I have configured graphite and grafana for monitoring the spark applications as per "https://community.hortonworks.com/articles/222813/monitoring-spark-2-performance-via-grafana-in-amba-1.html".
Are the below queries, the correct ones ?
- Driver Memory
- Driver Heap Usage
aliasByNode($application.driver.jvm.heap.usage, 1) - Driver JVM Memory Pools Usage
aliasByNode($application.driver.jvm.pools.*.used, 4)
- Executor & Driver Memory Used
aliasByNode($application.*.jvm.heap.used, 1) - Executor Memory Used
aliasByNode(exclude($application.*.jvm.heap.used, '.driver.jvm.heap'), 1)
alias(sumSeries(exclude($application.*.jvm.heap.used, '.driver.jvm.heap')), 'total') - Task Executor
- Active Tasks Per Executor
aliasByNode(summarize($application.*.executor.threadpool.activeTasks, '10s', 'sum', false), 1) - Completed Tasks per Executor
aliasByNode($application.*.executor.threadpool.completeTasks, 1) - Completed Tasks/Minute per Executor
aliasByNode(nonNegativeDerivative(summarize($application.*.executor.threadpool.completeTasks, '1m', 'avg', false)), 1)
- Read/Write IOPS
- Read IOPS
alias(perSecond(sumSeries($application.*.executor.filesystem.hdfs.read_ops)), 'total')

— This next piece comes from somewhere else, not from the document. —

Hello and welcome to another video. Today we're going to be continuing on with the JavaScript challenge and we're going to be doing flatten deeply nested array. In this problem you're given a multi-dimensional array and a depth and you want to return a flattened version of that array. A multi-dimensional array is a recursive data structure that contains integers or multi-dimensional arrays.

aliasByNode(perSecond($application.*.executor.filesystem.hdfs.read_ops), 1) - Write IOPS
alias(perSecond(sumSeries($application.*.executor.filesystem.hdfs.write_ops)), 'total')
aliasByNode(perSecond($application.*.executor.filesystem.hdfs.write_ops), 1)

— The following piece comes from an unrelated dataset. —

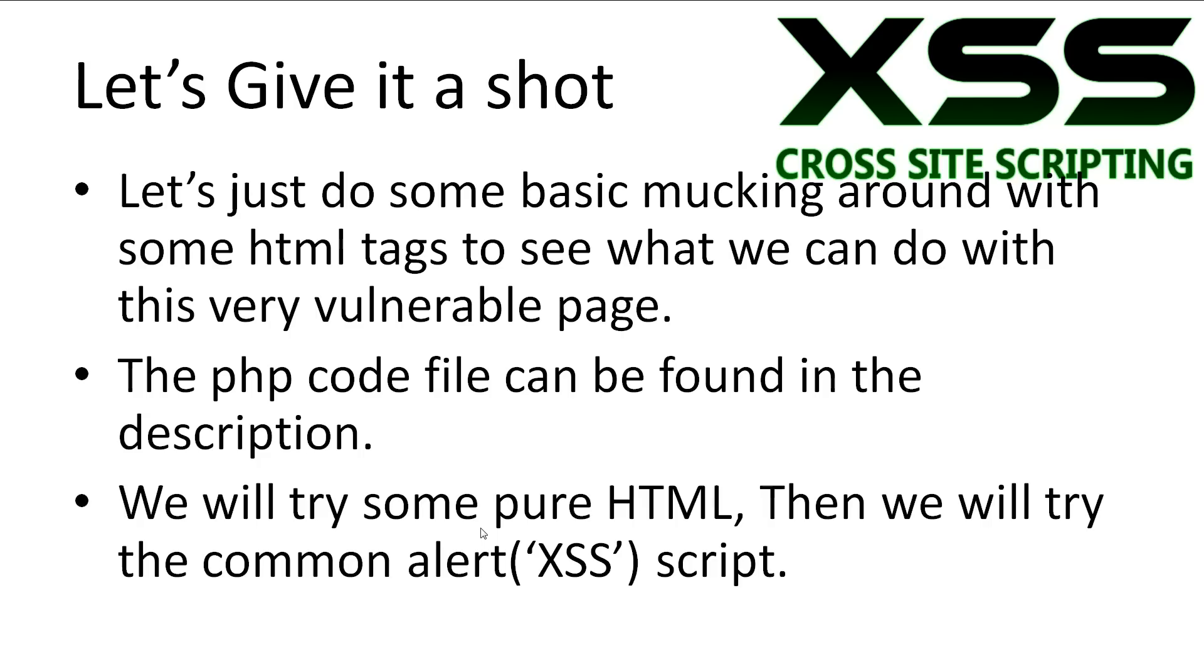Alright let's move on to giving it a shot. The PHP code file can be found in the description. If you've followed the setup tutorial, you should know where to put it. We'll try some very basic mucking around with some HTML tags, then we'll start trying out the JavaScript.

- HDFS Bytes Reads/Writes Per Executor
- Executor HDFS Reads
aliasByMetric($application.*.executor.filesystem.hdfs.read_bytes) - Executor HDFS Bytes Written
Also does grafana and graphite provides metrices on the below use case ?
- We have a bunch of hourly / daily batches on Airflow. This batch use PySpark for data processing.
- We want to see historical trend of Spark memory usage on the same batch.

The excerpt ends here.